[Data for processing]

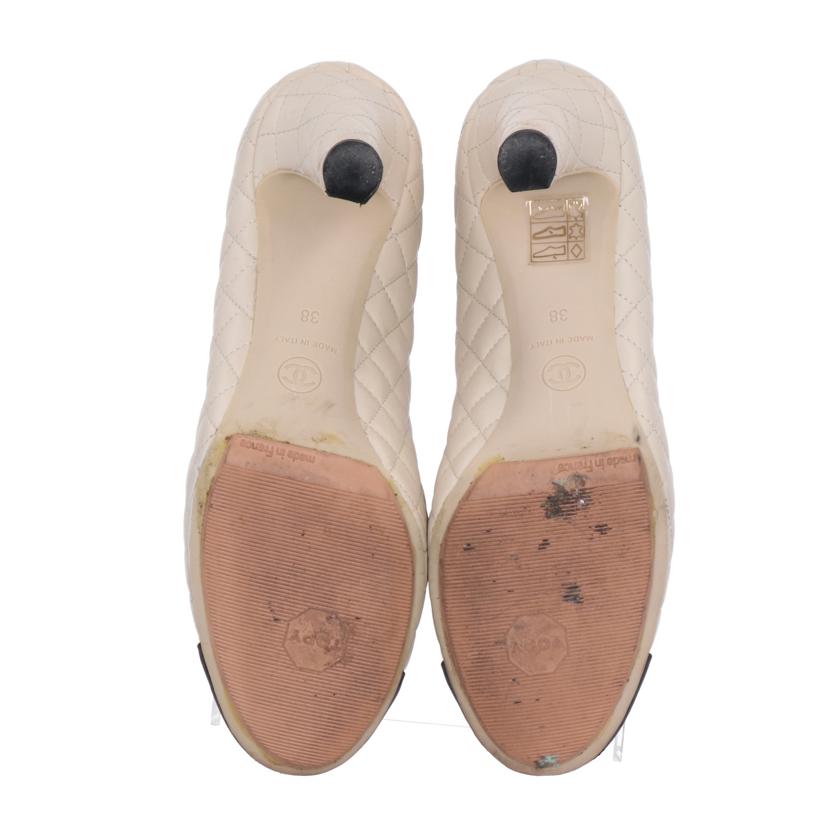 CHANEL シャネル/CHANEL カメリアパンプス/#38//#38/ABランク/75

[/Data for processing]
[Data for processing]

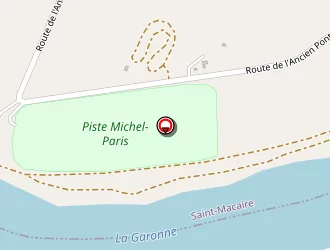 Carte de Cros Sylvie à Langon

[/Data for processing]
[Data for processing]

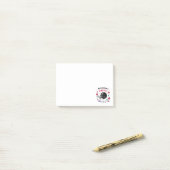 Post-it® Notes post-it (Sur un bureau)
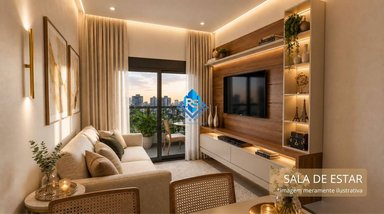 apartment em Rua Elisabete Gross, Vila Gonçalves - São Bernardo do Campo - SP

[/Data for processing]

* **Work request**
Of the records above, print only the lines from the one containing "Post-it® Notes post-it (Sur un bureau)" through the one containing "apartment em Rua", inclusive and unaltered, leaving out pictures.

* **Output below**
 Post-it® Notes post-it (Sur un bureau)
 apartment em Rua Elisabete Gross, Vila Gonçalves - São Bernardo do Campo - SP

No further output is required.